100 raffle tickets are sold for $3 with one grand prize of $200. Julie purchased one ticket. What is her expectation? What is the fair value of a ticket?

Her expectation of winning is 1%. The fair value is $200/100 = $2.00

To determine Julie's expectation and the fair value of a ticket, we need to calculate the expected value of winning the grand prize.

The expected value (EV) is calculated by multiplying the probability of winning (P) by the value of the prize (V), and subtracting the cost of a ticket (C):

EV = P * V - C

First, let's calculate the probability of winning. There is only one grand prize, and a total of 100 tickets sold.
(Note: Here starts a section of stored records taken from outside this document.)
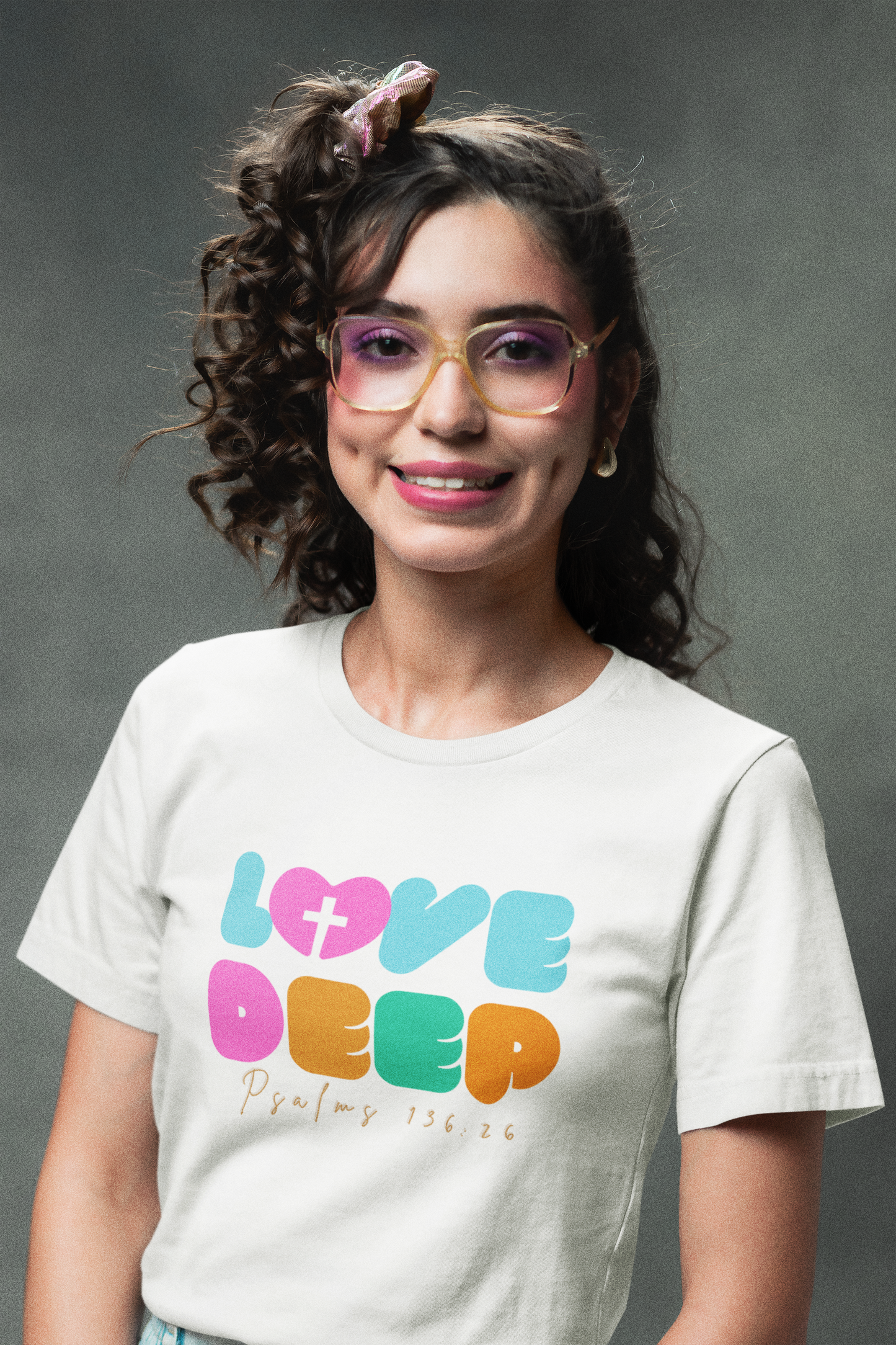 Faith-Inspired “Love Deep” Tee – Heart-Cross Symbol with Psalm 136:26
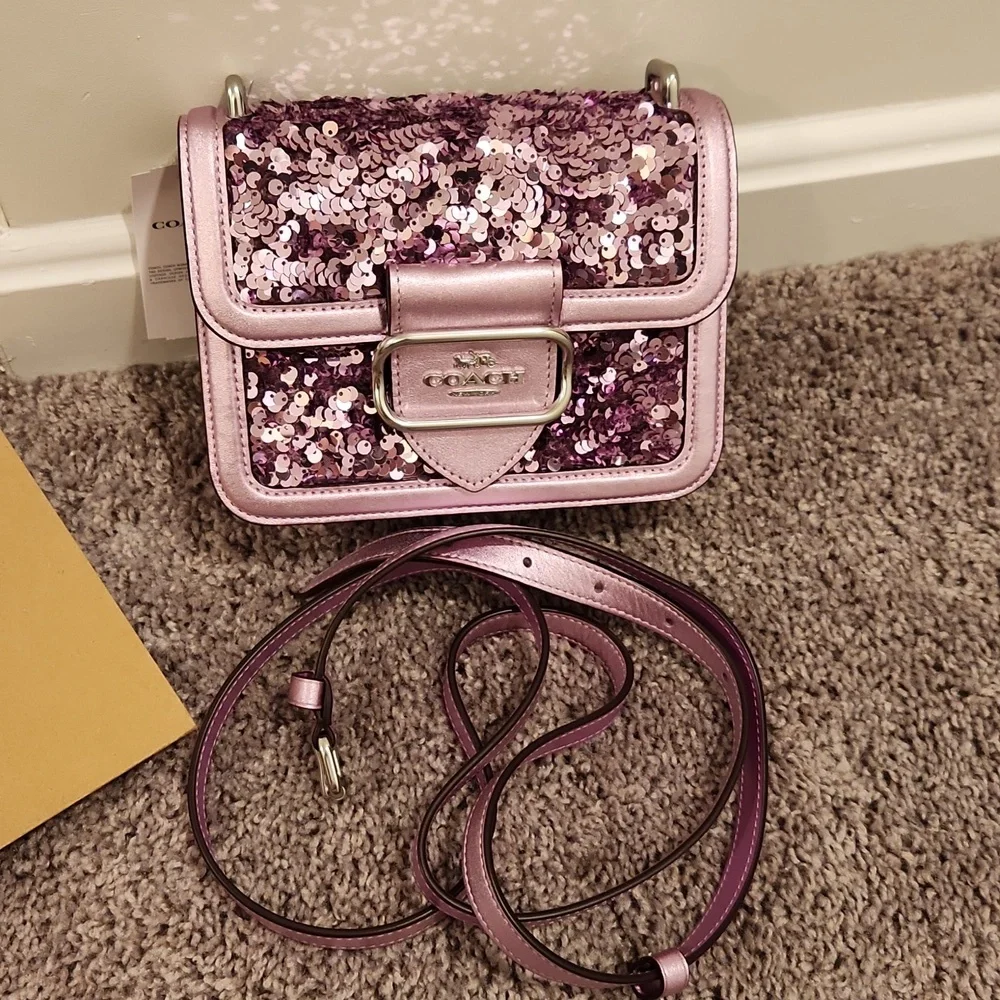 SOLD OUT NWT Coach Lilac Sequin Morgan Square Crossbody bag - Picture 5 of 16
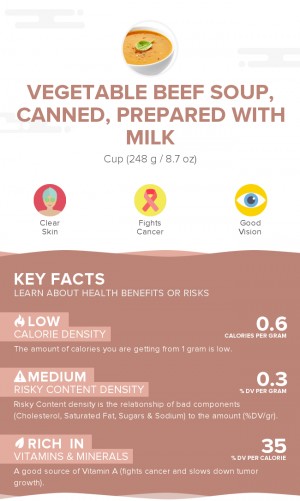 Vegetable beef soup, canned, prepared with milk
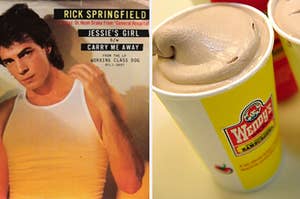 Rick Springfield wears a tank top and a Wendy's Frosty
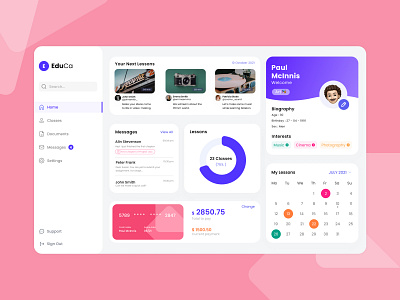 EduCa - Online Learning Platform app dashboard desktop learning ui user interface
Therefore, the probability of winning for any individual ticket is 1/100.

P = 1/100

The value of the prize is given as $200.

V = $200

The cost of a ticket is $3.

C = $3

Now, let's substitute these values into the EV formula:

EV = (1/100) * $200 - $3
= $2 - $3
= -$1

The expectation is negative (-$1), which means, on average, Julie can expect to lose $1 for every ticket she purchases. Therefore, her expectation is that she will lose money by buying a ticket.

To find the fair value of a ticket, we need to calculate the average amount that people can expect to win or lose per ticket.

So, we divide the expected value by the number of tickets sold:

Fair Value = EV / Number of Tickets
= -$1 / 100
= -$0.01

The fair value of a ticket is -$0.01, which means, on average, each ticket is worth $0.01 less than its purchase price.